ユン・ソンニョル大統領の弾劾訴追案が可決され、非常事態宣言が発令されたことで観光業界に緊張が走ったものの、年末の繁忙期に突入し、大きな打撃を受けることなく安定して運営されている。業界は不確実性の解消と政府の迅速な対応を背景に、国内旅行需要を中心に市場回復に乗り出している。

16日の旅行業界関係者によると、ソウル市内の主要ホテルやリゾートの予約率は依然として高い水準を維持しており、スキーリゾートも同様で、スキーシーズンに合わせて国内観光客の需要が集中しているため、東南アジアからの一部キャンセルがあっても運営に支障はないという。

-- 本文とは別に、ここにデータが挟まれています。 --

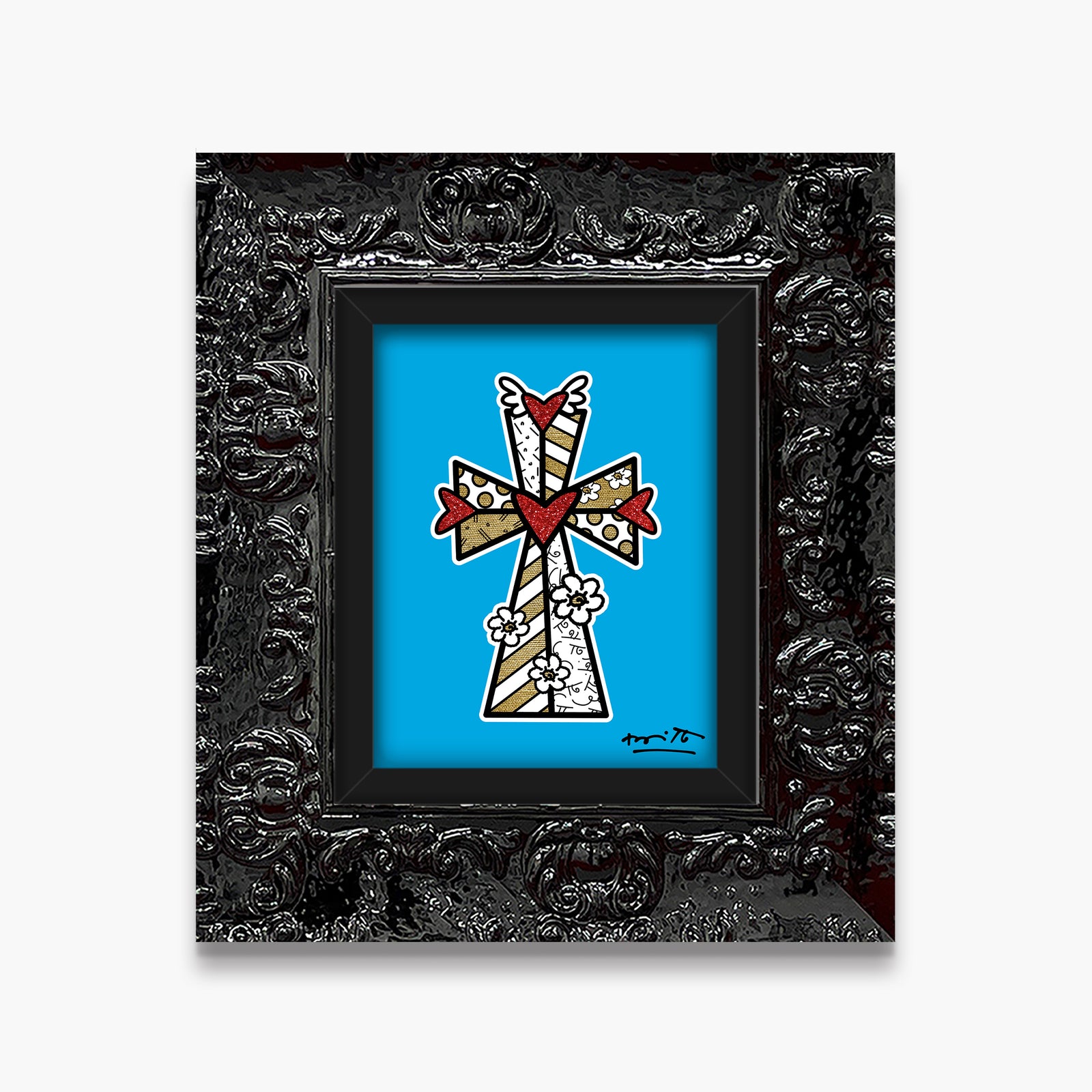 modern pop art blessings blue limited edition print vibrant home decor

過去、朴槿恵前大統領の弾劾訴追案可決時にも海外旅行需要は堅調であった。当時、為替レートが急騰し、ろうそくデモが広がったにもかかわらず、2016年12月から2017年2月までの3か月間の出国者数は200万人を超え、2017年1月には過去最高の234万人を記録した。
非常事態宣言発令直後は、訪韓外国人観光客市場が一時的に縮小した。英国、フランス、イスラエルなど一部の国が韓国への渡航警報を発し、米国、日本、中国なども自国民に対して警戒を呼びかけたため、一部の観光日程がキャンセルされた。

特に中東地域のVIP団体ツアーがキャンセルされる事態も発生した。これに対し、政府は迅速に対応し、ユ・インチョン文化体育観光部長官とチャン・ミラン次官は韓日観光ビジネスフォーラムにおいて、韓国の安定性を強調した。ユ長官は韓国が安全な旅行先であり、訪問者の利便性と安全確保に全力を注いでいると述べ、チャン次官は韓国の日常生活に変わりはなく、主要観光地が通常通り運営されていることを改めて強調した。
文化体育観光部は、韓国が安全な旅行先であることを伝える英文書簡を配布し、韓国観光公社もウェブサイトに関連メッセージを掲載するなど、外国人観光客の不安解消に注力。その結果、国内宿泊予約が急増した。旅行プラットフォーム「マイリアルトリップ」によれば、非常事態宣言発令直後の1週間で国内宿泊の新規予約数は前年比で2倍以上に増加し、一方、海外宿泊予約数は同期間に5%減少した。これは、為替レートの急騰が海外旅行需要に一部影響を与えたためである。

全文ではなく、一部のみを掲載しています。